Top of Provided material
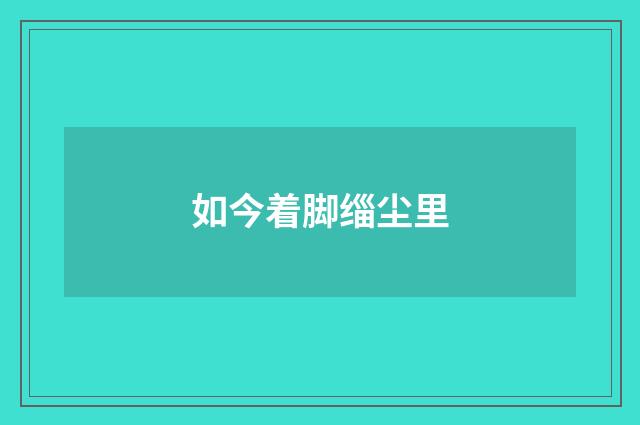 如今着脚缁尘里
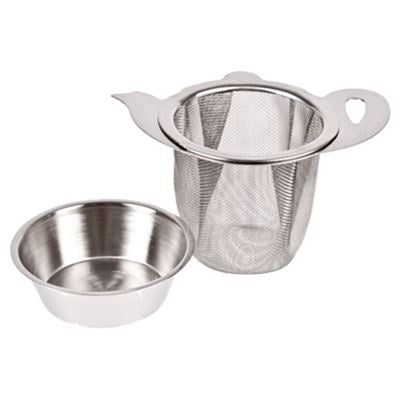 Teaology stainless steel tea infuser with a mesh basket shaped lid and a matching drip tray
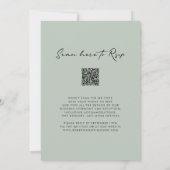 Elegante Monogram QR Code UAWG Sage Green Wedding Einladung (Rückseite)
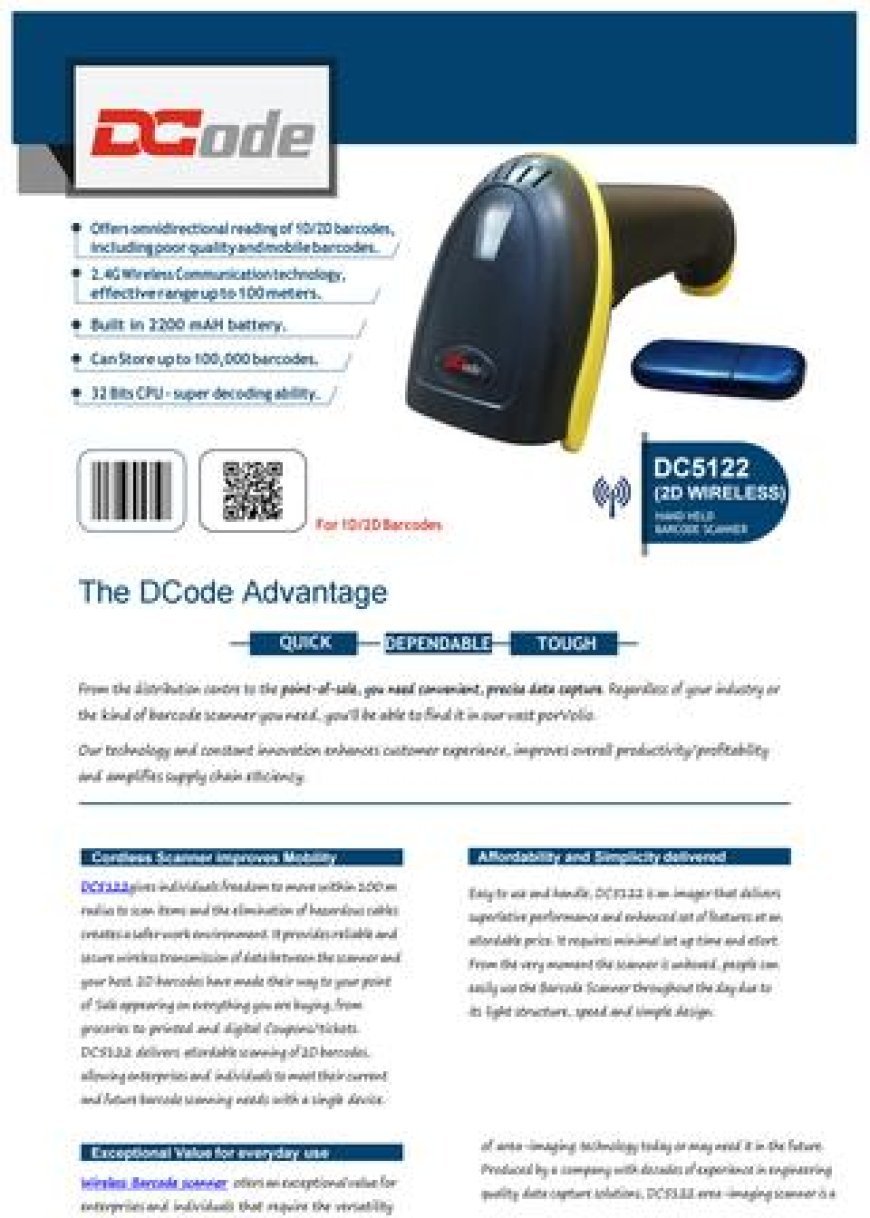 DCODE 5122BT 2D WIRELESS SCANNER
Bottom of Provided material
**Task brief**
Beginning with the line containing "Elegante Monogram QR" and ending with the last line of the listing above, output those lines exactly as written, without pictures.

**Exercise solution**
 Elegante Monogram QR Code UAWG Sage Green Wedding Einladung (Rückseite)
 DCODE 5122BT 2D WIRELESS SCANNER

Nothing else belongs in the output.